Short text fragments from websites:
┄┄┄┄┄┄┄┄┄┄
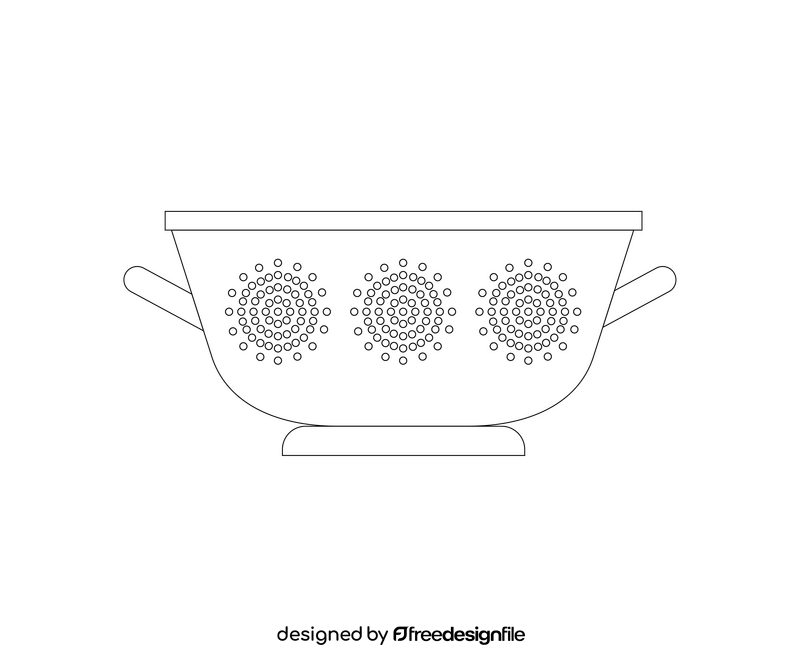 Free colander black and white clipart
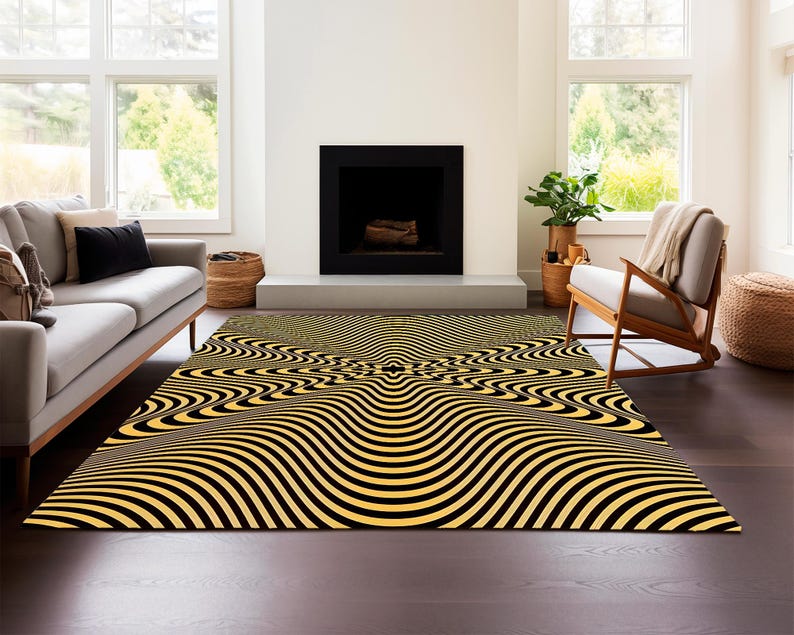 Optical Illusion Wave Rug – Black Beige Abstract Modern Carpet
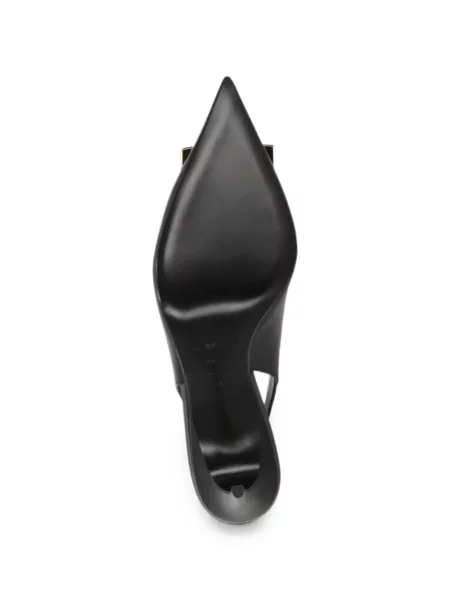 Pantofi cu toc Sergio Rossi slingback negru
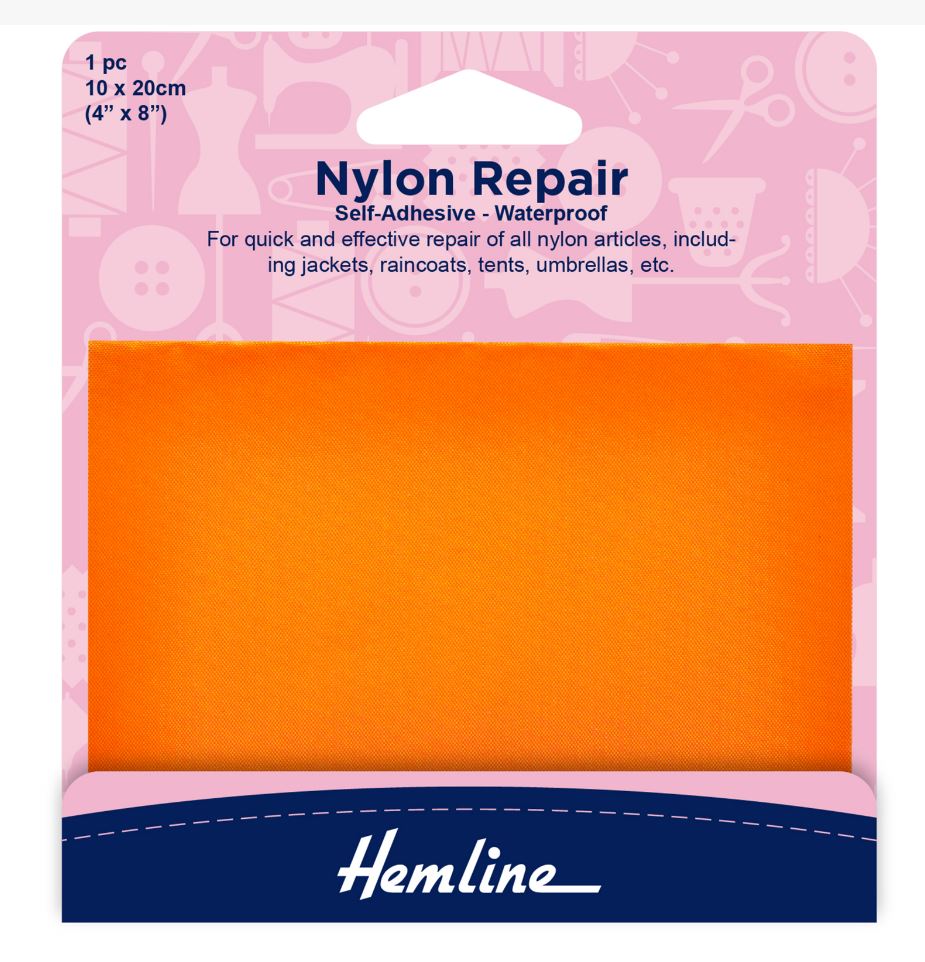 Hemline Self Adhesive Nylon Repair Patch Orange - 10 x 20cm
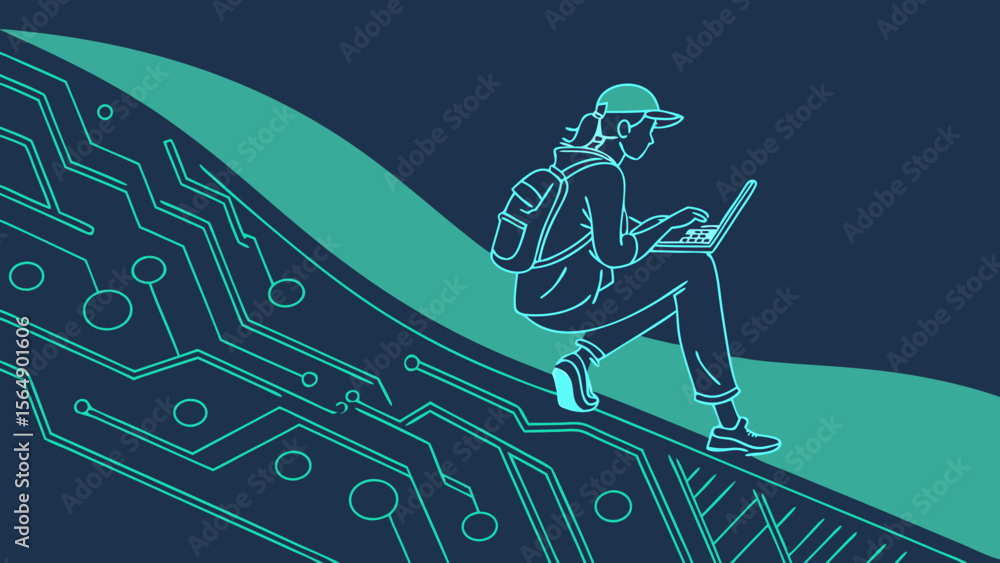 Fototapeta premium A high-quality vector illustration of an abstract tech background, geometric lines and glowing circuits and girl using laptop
┄┄┄┄┄┄┄┄┄┄
#### What needs to be done:
Output the data above without changes, apart from leaving out the pictures.

#### Answer below:
 Free colander black and white clipart
 Optical Illusion Wave Rug – Black Beige Abstract Modern Carpet
 Pantofi cu toc Sergio Rossi slingback negru
 Hemline Self Adhesive Nylon Repair Patch Orange - 10 x 20cm
 Fototapeta premium A high-quality vector illustration of an abstract tech background, geometric lines and glowing circuits and girl using laptop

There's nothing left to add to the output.